Here’s a subtle UX bug we almost shipped. The straightforward way to track download progress is response.body.getReader() and a counter incremented on each read(). But if you pipe through DecompressionStream first, the reader sees decompressed bytes — not the bytes on the wire. A 100 MB download might show as 500 MB received because that’s the decompressed size.

The fix is to put the counter before decompression using a TransformStream tap:

const progressTap = new TransformStream<Uint8Array, Uint8Array>({
    transform(chunk, controller) {
        bytesReceived += chunk.byteLength;
        onProgress?.({ bytesReceived, bytesTotal });
        controller.enqueue(chunk);
    },
});

let stream = resp.body.pipeThrough(progressTap);
if (isGzip) stream = stream.pipeThrough(new DecompressionStream('gzip'));

The counter accumulates compressed bytes, matching Content-Length exactly. The reader downstream gets clean decompressed bytes for the JSON parser. Two purposes, one stream.

Cancellation

Every fetch in the upload and download paths takes an AbortSignal. On the sender side, pressing Cancel during upload aborts the in-flight chunk PUT and then fires a best-effort DELETE on the upload URL to tell Drive to clean up the half-uploaded session. Drive would garbage-collect it after a week anyway, but explicit cleanup is cheap and feels right.

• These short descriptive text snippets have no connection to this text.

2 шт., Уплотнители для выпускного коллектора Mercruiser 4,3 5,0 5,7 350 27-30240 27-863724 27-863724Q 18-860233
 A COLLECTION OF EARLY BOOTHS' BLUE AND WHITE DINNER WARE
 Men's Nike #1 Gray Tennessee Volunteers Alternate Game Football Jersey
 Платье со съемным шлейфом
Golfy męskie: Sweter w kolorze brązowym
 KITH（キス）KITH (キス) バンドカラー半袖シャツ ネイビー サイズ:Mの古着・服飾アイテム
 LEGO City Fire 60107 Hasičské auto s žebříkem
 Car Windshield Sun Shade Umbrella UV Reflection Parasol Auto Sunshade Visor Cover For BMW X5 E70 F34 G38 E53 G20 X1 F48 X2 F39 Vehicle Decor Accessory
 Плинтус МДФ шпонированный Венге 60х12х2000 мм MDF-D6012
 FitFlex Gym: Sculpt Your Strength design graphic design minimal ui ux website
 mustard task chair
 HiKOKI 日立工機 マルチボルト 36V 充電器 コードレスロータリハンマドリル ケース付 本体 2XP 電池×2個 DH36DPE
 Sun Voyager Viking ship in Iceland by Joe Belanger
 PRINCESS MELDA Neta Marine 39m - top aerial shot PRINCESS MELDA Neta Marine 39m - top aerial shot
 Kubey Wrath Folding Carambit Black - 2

On the recipient side, abort comes from the effect cleanup: if the user navigates away mid-download, the React effect unmounts and we call controller.abort(). The fetch reject is caught and translated to a DriveError('ABORTED') that the loader recognizes as “not a real failure” and silently drops without showing an error state or firing an analytics event. The user left; we don’t need to complain about it.

What we explicitly didn’t build

Cross-session resume. Drive’s upload URLs are valid for a week, so technically you could persist the URL and resume after a page refresh. Doing so would require storing an OAuth token in localStorage to authenticate the resumed PUT requests — which violates our “token only in memory” rule and adds a significant privacy footprint. Refresh the page mid-upload and you start over. Most users either don’t refresh or recover gracefully; the few who lose work to this can retry. We pick the privacy model.

Auto-retry on chunk failure. If a PUT returns 5xx, we surface the error and let the user press Retry. Silent retries hide bad network conditions; explicit retries make them visible. For a high-stakes flow like sharing, “something failed, you can see exactly what and choose what to do” is the right default.

Server-side streaming. All of this runs in the browser. We don’t have a server in the loop, so we can’t fan out chunks in parallel through a proxy or pre-warm a TLS connection. Single-threaded sequential PUTs at 60-80 MB/s on a fast connection is fast enough that the gzip step usually dominates total time anyway.

The shape of the final pipeline

Putting it all together — from drag-and-drop to share link in the user’s clipboard:

  1. User clicks Share. Modal opens; we set a flag and start the prepare step in requestIdleCallback.
  2. JSON.stringify(root) on the main thread. For a 500 MB file this takes 3-8 seconds and freezes the UI. We show “Preparing JSON…” spinner.
  3. gzipString(text) via CompressionStream. Another 3-8 seconds. Compressed Blob is held in memory.
  4. User clicks “Share & get link”. We open a resumable upload session via POST.
  5. Loop: PUT 8 MB chunks. On each successful response we call onProgress; the modal’s progress bar updates.
  6. Final chunk returns file metadata. We call permissions API to make anyone-with-link.
  7. Build the share URL with the file id, the selected key path, the note (if any), and the original filename, all embedded in the URL hash.
  8. Copy to clipboard. Done.

The whole flow for a 500 MB JSON, on a typical home connection, takes about 25-40 seconds. Same JSON without gzip would take 8-15 minutes. That’s the difference between a feature people use and a feature people open once and never touch again.